The Ascending Force of Signe Emmeluth
As I’ve alluded to in recent weeks, things really slow down in Berlin and most of the EU during the summer—it seems like everyone is on some kind of holiday. I’m headed out of town this week, too, heading to Lisbon for the Jazz em Agosto festival. So this week’s newsletter includes recommended shows for the next three weeks, as there’s much less than what’s usually on offer, and Nowhere Street will return on August 19. There’s only one preview for an upcoming performance in town this week, below, so most of the column is focused on a few superb recent albums, starting with an album released back in March by the remarkable Danish saxophonist, composer, and bandleader Signe Emmeluth, who gets better and better every year.
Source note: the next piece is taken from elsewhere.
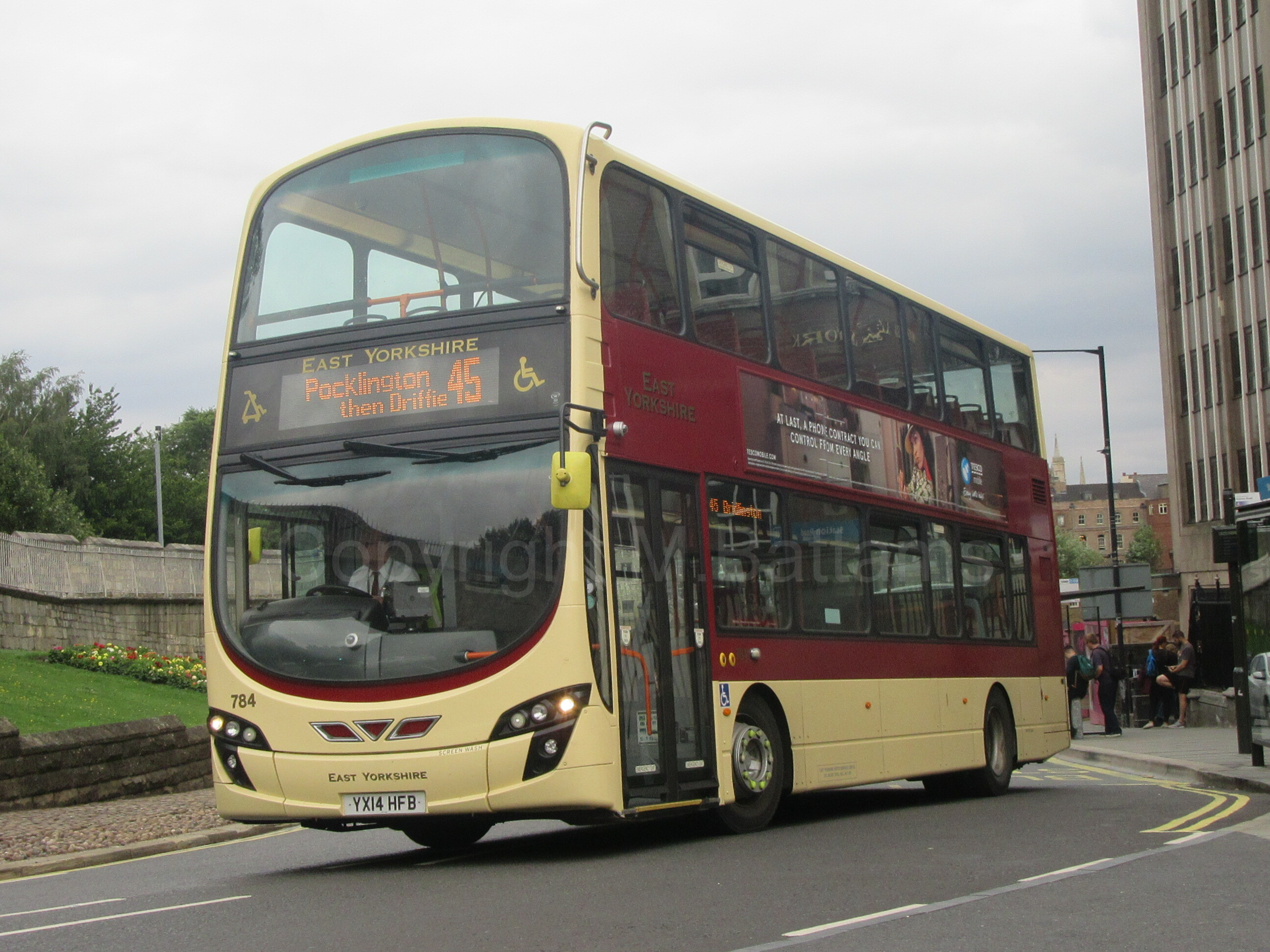 Bus photo 1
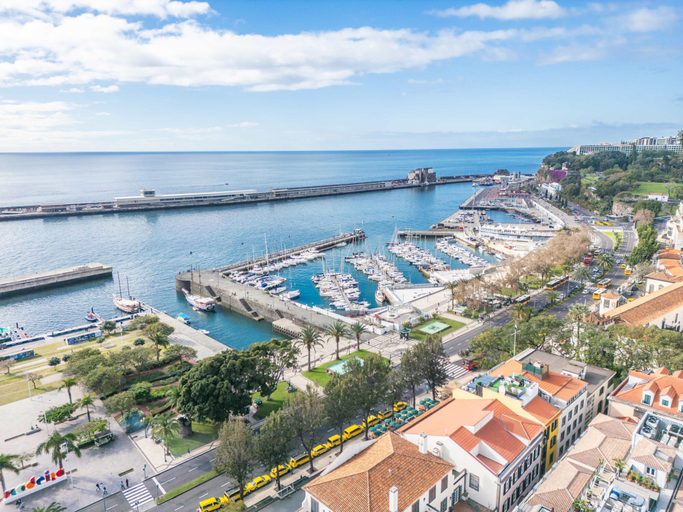 Exterior & Views 2, King David Suites 302 by Homie, Funchal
I have to indict myself as well when I wonder aloud why her album Banshee (Motvind) hasn’t gotten more attention, as I haven’t written about it until now either, but I’m here to rectify the situation, because it’s one of the most gripping and original things I’ve heard all year.
Emmeluth, who lives in Oslo, was commissioned to create the music for the 2021 edition of Vossajazz in Norway, and she channeled the titular Irish myth, embracing the archetype to express questions about this life and what we want from it. It’s hard not to see how the idea of a screaming, wailing woman who’s voice heralds the death of a family member can be broadly applied; to the fucked world we inhabit or to the ongoing sexism that continues to be a hurdle for female musicians—the ensemble is all female, which might’ve been consciously political choice, but Emmeluth doesn’t draw any attention to that fact. My earliest encounters with the alto saxophonist were focused primarily on fire-breathing free jazz, but over the last few years her full range has become readily apparent. She can play inside the tradition and she can take it way out, sometimes in the same project. I’ve become a huge fan of her bruising quartet Amoeba, which makes a kind of prog-influenced post-bop that’s a blast to experience live, and she’s been a recurring guest in several bands of drummer Gard Nilssen. But Banshee is something really different, a more composition-oriented suite that gathers incredible force around a very precise kind of staccato propulsion, deftly mixing instruments and voices.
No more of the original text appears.